*WORK ORDER*. Extract from the listing each line in which the word "logo" appears.

—————

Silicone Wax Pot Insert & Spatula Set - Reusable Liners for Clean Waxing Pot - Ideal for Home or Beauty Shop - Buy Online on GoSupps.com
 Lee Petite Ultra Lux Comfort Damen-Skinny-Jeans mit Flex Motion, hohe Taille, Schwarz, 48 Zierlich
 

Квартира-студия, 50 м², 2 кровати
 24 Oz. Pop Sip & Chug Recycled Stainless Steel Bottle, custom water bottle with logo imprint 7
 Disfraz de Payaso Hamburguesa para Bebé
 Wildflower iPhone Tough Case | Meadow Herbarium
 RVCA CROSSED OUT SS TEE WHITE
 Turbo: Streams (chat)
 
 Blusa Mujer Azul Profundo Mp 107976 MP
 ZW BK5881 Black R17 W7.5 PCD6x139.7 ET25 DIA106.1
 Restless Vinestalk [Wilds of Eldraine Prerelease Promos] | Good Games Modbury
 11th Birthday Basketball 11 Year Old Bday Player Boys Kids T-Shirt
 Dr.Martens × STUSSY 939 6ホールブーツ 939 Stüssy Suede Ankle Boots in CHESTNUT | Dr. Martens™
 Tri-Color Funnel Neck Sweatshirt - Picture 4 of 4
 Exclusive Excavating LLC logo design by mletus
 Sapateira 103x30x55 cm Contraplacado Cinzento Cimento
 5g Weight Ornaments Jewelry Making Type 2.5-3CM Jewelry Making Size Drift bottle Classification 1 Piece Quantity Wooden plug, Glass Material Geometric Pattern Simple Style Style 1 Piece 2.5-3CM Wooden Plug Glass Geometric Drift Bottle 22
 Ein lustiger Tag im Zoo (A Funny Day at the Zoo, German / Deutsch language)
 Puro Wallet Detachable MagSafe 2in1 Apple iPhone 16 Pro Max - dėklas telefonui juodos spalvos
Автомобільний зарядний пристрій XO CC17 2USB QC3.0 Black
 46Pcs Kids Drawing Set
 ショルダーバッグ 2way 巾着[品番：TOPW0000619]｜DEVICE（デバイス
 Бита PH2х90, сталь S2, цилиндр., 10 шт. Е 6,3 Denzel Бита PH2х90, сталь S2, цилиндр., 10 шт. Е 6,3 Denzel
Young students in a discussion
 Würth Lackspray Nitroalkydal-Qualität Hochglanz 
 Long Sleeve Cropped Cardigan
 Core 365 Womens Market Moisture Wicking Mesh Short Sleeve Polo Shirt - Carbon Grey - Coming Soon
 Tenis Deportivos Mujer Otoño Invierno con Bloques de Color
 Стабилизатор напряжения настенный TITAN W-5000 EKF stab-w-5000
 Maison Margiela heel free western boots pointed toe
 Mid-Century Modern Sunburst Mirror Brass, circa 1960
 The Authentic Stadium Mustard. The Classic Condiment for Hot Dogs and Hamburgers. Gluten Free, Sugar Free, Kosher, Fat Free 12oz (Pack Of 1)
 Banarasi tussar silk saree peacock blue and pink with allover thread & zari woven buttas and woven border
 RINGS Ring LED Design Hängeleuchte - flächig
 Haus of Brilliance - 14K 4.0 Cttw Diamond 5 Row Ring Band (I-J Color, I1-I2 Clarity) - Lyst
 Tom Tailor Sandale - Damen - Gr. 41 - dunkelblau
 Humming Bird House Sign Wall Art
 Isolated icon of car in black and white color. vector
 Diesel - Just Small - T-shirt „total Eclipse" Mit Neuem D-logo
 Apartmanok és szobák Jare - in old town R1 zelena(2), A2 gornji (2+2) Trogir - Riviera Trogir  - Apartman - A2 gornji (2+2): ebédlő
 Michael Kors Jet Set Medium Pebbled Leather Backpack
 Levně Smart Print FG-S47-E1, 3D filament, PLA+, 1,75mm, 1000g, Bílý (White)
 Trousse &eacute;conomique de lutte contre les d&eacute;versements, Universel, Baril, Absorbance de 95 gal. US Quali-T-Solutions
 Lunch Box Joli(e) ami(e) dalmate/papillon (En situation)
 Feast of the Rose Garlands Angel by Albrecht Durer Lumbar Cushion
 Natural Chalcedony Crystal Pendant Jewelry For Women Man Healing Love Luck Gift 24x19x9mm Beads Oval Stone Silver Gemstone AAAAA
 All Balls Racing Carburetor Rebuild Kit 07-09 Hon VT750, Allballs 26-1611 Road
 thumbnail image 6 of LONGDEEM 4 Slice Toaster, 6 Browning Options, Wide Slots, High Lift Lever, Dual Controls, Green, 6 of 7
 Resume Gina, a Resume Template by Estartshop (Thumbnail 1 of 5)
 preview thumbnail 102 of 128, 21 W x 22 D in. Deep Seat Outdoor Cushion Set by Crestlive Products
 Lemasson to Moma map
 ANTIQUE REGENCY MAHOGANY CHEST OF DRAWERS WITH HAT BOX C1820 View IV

—————

*ANSWER TO THIS EXERCISE*.
 24 Oz. Pop Sip & Chug Recycled Stainless Steel Bottle, custom water bottle with logo imprint 7
 Exclusive Excavating LLC logo design by mletus
 Diesel - Just Small - T-shirt „total Eclipse" Mit Neuem D-logo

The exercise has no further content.